A viagem dura 3 horas e meia, 15 minutos de parada no terço final. São 245 quilômetros até Lisboa, 86 apenas da fronteira com a Espanha. Os primeiros 100 quilômetros são mais bonitos, morretes por toda parte, vamos descendo em direção à planura. Pela janela, avisto apenas oliveiras e sobreiros.E uns campos vazios, em tons que vão do amarelo ao ocre, e até ao marrom. Devem ser de colheitas já realizadas, mas não sei de quê, trigo, arroz, sei lá. Nenhum casario, nenhum pastoreio, um riacho aqui e ali, uma lagoeta, gente mesmo, nada.
A estrada é excelente, três pistas em cada sentido, um canteiro de flores entre as duas mãos, além do acostamento. O ônibus segue macio, o piso é perfeito. Rodovias como essa cortam o agora Portugal europeu ( antes, era africano!). Imagino que aqui está uma boa parte da dívida imensa que afoga o país. Ironia, que os maiores beneficiários sejam os outros europeus e turistas em geral, que chegam aos milhares, em carros alugados. Mas, o turismo é a ainda a melhor opção de trabalho em Portugal, hoje. Quando entramos na costa alentejana, a paisagem muda, nada mais de morros, nem meias laranjas. Oliveiras e sobreiros ainda estão presentes, mas se avistam também pinheiros, tanto os de copas como os outros a que chamamos pinheiros de natal. No meio deles, cresce uma outra espécie, de folhas quase brancas, o que dá a impressão de neve no pinheiral. Só no terço final, aparecem alguns rebanhos de gado e as primeiras casitas, avulsas, afastadas umas das outras. Vejo também plantações de cana de açúcar, pelo menos é o que me parece.

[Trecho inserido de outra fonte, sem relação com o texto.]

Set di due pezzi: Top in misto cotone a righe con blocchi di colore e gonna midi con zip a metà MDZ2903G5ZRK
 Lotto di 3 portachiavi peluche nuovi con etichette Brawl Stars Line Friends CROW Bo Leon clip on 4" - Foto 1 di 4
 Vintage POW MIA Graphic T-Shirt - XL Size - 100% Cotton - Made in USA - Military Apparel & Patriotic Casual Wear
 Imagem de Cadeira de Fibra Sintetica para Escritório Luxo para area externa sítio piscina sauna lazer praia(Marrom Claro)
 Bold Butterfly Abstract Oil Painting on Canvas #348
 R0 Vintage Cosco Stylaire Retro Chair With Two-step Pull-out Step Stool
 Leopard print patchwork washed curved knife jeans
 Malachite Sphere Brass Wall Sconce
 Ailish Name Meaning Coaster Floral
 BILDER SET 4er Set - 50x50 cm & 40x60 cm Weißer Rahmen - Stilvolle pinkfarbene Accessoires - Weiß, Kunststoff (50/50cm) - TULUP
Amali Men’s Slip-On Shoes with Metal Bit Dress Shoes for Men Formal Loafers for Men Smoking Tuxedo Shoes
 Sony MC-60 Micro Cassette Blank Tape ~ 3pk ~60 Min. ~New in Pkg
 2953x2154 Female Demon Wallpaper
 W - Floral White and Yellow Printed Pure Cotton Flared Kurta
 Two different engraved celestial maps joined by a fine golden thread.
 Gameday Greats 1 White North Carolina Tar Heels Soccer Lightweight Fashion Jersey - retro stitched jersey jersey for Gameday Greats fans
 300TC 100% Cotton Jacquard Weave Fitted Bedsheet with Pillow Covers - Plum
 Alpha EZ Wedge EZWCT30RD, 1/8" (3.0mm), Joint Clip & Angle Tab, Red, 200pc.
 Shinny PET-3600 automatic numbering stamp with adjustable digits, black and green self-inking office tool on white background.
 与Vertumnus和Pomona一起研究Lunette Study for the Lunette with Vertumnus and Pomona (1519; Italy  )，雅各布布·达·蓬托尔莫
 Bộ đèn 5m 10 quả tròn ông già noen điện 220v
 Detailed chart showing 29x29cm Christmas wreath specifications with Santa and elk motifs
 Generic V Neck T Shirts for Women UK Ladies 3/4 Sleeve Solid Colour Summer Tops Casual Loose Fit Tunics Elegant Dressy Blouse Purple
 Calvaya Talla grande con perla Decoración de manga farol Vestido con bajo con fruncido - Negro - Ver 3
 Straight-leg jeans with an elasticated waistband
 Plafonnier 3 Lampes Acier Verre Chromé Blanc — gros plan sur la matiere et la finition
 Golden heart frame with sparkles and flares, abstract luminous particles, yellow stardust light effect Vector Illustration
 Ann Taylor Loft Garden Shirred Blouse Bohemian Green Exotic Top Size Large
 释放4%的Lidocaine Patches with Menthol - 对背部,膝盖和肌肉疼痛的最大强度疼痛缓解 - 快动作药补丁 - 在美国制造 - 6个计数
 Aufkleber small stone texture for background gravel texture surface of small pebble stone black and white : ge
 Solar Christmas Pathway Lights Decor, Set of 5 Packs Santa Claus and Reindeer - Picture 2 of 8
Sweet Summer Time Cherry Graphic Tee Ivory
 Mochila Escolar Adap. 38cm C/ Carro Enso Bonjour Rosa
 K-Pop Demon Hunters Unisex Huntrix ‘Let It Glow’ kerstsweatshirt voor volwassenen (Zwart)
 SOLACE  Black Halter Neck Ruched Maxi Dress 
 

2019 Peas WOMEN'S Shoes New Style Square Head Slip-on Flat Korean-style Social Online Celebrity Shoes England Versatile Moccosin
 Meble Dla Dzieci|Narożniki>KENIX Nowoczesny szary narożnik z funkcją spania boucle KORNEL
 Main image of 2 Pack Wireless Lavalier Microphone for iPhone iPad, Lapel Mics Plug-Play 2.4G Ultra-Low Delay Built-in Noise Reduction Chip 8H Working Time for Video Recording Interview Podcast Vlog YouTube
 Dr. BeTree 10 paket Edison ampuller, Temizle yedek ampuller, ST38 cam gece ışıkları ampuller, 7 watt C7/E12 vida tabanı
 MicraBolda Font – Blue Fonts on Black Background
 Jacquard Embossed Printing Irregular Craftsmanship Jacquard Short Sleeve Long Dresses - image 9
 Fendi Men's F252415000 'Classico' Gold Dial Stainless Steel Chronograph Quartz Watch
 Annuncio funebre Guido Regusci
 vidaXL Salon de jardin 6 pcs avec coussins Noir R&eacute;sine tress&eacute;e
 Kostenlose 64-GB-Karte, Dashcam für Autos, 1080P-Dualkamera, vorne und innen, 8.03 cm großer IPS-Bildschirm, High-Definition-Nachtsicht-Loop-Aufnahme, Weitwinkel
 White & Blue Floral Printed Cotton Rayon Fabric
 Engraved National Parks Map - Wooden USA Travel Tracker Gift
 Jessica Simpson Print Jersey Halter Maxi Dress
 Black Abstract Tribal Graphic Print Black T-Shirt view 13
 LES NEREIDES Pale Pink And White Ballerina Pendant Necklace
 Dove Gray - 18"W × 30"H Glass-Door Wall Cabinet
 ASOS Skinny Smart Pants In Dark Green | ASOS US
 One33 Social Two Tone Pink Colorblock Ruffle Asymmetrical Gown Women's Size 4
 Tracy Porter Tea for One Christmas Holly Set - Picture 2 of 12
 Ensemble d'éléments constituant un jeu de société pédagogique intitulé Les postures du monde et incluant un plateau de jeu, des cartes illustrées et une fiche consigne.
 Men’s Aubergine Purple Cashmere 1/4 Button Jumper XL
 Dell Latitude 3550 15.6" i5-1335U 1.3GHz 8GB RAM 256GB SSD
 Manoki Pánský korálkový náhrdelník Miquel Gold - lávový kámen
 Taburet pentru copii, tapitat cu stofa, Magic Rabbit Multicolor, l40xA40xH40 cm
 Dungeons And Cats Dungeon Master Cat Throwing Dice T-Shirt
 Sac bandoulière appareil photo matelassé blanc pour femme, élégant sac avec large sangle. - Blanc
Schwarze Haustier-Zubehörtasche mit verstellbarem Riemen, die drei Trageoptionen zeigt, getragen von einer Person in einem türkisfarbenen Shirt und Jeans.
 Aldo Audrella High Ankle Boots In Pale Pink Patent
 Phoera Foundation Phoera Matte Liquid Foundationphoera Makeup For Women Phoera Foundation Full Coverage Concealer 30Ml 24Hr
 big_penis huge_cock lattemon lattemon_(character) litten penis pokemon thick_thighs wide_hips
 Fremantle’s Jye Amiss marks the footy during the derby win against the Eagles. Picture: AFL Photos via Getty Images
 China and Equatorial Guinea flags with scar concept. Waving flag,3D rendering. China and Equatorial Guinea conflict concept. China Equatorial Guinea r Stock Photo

Um pouco antes da chegada, avisto de longe a muralha do castelo de São Jorge, mas Lisboa ainda está longe. O ônibus dá uma volta, contorna pelo outro lado, passa pela bela ponte sobre o Tejo, a Vasco da Gama, são quase quatro da tarde, quando chego na Rodoviária. Dessa vez, me entrego, nem hesito, estou morta de fome e cansaço. Pego um táxi, mais alguns minutos, estou de novo no Florescente, onde sou recebida com a simpatia de sempre.
Hoje é domingo, deve ser quase uma da tarde. Vou dar uma volta, comer alguma coisa, volto para o hotel: preciso refazer as malas, pela última vez. E dormir até amanhã cedo. Programa, nem pensar. Quero voltar. Um beijo a todos.